Today, debt burden as a parameter to gauge the economic health of a country is losing importance following an overall improvement in the Indian economy. The debt indicators including the debt to GDP ratio and debt service ratio have all performed well and are on a continuous declining trend. After the Mexican crisis globally attention has shifted to composition of debt and not only the overall debt.

Experts and monetary analysts believe that hot money flows were responsible for the economy's collapse. From this point of view too, India's external debt has been under control with the share of short-term debt in total debt falling steadily.

Although the overall figure of US US $99 billion is worrisome and that India’s external debt has shot up by four billion US dollars in one year, there is not much worry about it in financial circles. The major indicators of external debt are in control and showing definite signs of quality of debt improving. The external debt to gross domestic product (GDP) of the country stood at 22.3 per cent in December 1999 as compared to 24.4 per cent in March 1998. The ratio was at its peak at 41 per cent in 1992.

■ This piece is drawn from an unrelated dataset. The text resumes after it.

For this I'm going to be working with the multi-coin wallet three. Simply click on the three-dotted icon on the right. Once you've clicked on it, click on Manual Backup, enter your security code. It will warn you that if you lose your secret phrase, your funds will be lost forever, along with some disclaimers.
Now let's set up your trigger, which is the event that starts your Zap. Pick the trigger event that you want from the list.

When we compare India's external debt position with the rest of the world, it can be seen that in terms of absolute level of debt India has definitely improved. India's position has improved from the third largest debtor after Brazil and Mexico in 1991 to ninth in 1998. Even if today India's debt has come back to the 1995 level, the key debt indicators have continued to improve making external debt manageable.

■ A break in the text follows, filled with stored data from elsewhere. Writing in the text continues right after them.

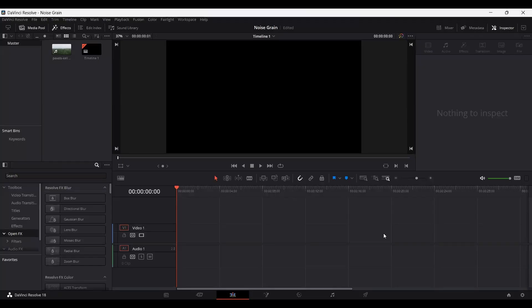So first of all, create your timeline or simply drag your clip or footage onto the timeline section and it will automatically create a timeline just like this.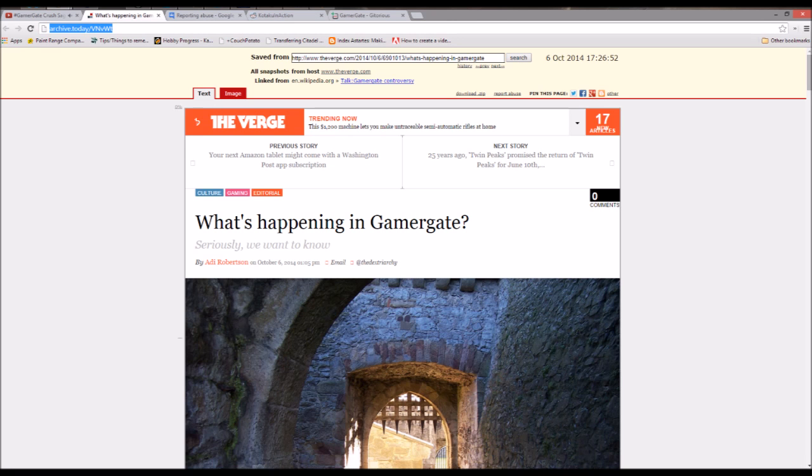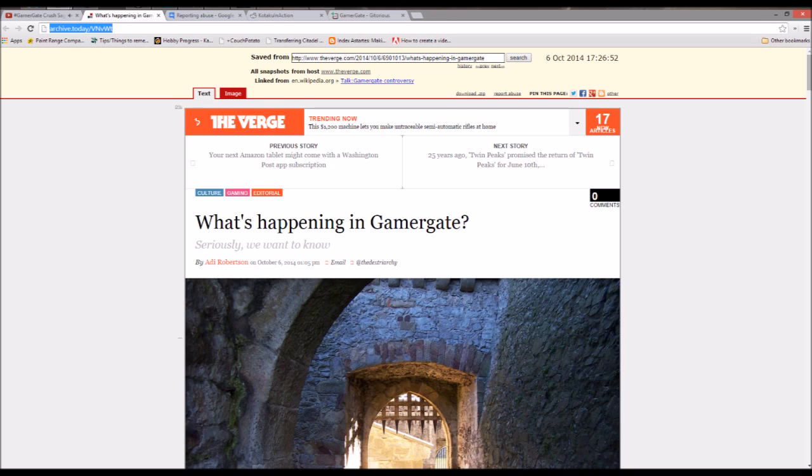The Verge published an article today inviting Gamergate supporters to register with the site and join in discussion about the movement. Many Gamergate supporters see this as an attempt to drive traffic and potentially bait supporters with leading questions to use as ammunition in the future. Furthermore, the staff have shown no real indication of any desire for actual debate aside from this one article. Supporters are urged not to engage and direct anyone who wishes to debate to an area more open for discussion.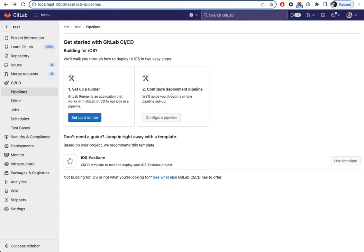Hi, this is Alex from the Growth Activation team. I'm going to demonstrate an experiment we're going to launch shortly. It's an experiment on the empty state pipeline page for projects.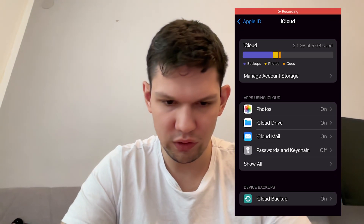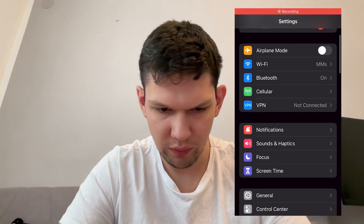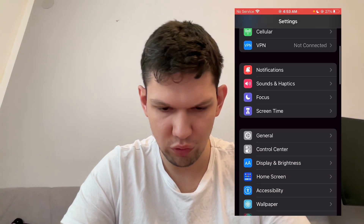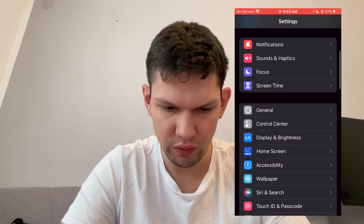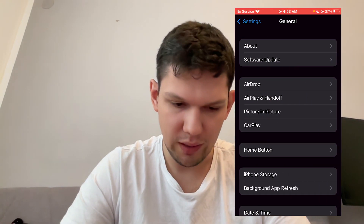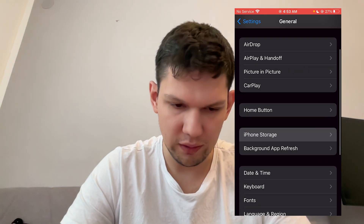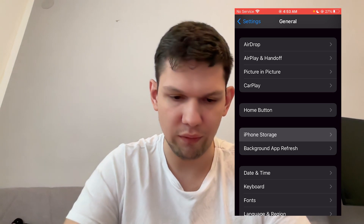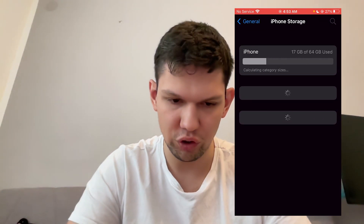You want to go to Settings. From Settings, scroll down until you see General. Tap on General and then tap on iPhone Storage.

It was in the past decade that India's external debt situation was worrisome as the components were proving difficult to tackle. Now India's debt quality has improved and favourable debt-GDP and debt to service ratios all go to prove that we are much better off today than in the past.

Stress on short-term debt
It was after the Mexican crisis and the South East Asian crisis that monetary analysts stressed on short-term debt which being very vulnerable can press the panic button for an economy. Short-term debt is not long lasting, is very unstable in nature and is basically diverted towards the bourses. It flows in easily and flows out equally smoothly and in large amounts causing shocks.

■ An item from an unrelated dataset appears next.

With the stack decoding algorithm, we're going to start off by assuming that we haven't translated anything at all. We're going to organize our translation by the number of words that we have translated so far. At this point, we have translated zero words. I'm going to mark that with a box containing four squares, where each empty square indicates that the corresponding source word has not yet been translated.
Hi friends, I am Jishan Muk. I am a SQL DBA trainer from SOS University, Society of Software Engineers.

Out of India's total external debt 94.34 billion constituted long-term debt while short-term debt constituted a mere 4.67 billion. The debt service ratio has declined from a peak of 35.3 per cent of current receipts in 1990-91 to 19.0 per cent in 1998-99. This indicates that India today needs less than one-fifth of debt to meet its obligations This is going in the right direction in making India's overall economic performance improve.

So, what the current finance minister and future FMs should keep in mind is to see to it that India's debt is retired at the earliest before the components change their course and disfavour the Indian economy. Today, India is far better off than most of the other emerging developing countries as there is growth potential which is still not exhausted which if fully tapped will help in reducing the debt burden.Micro indicators are very positive and that is why the Finance Minister seems to be least worried about what is happening on the external front.

India needs to continue with its growth-achieving objectives that of higher exports, pruning fiscal expenditure and proper management of its expenses. If India does not control the internal debt situation, it is bound to depend on the external front for getting in the necessary finances for its future investment needs. The government till today is playing safe and year-on-year is reducing its debt burden by paying off part of its debt. But, so far the government has only paid off its concessional debt which has the least interest burden what it should try and do is to pay off the high interest loan debt.

There is a major debate which is going on in international financial circles wherein it is being argued that most of the debt that is sanctioned to India is remaining idle.What India should try and see is to utilise this debt in projects which have a high growth potential and thus in the long run help reduce the overall debt burden.

If there is proper management of debt then there is no reason to worry about and India can scale up its competitive ladder.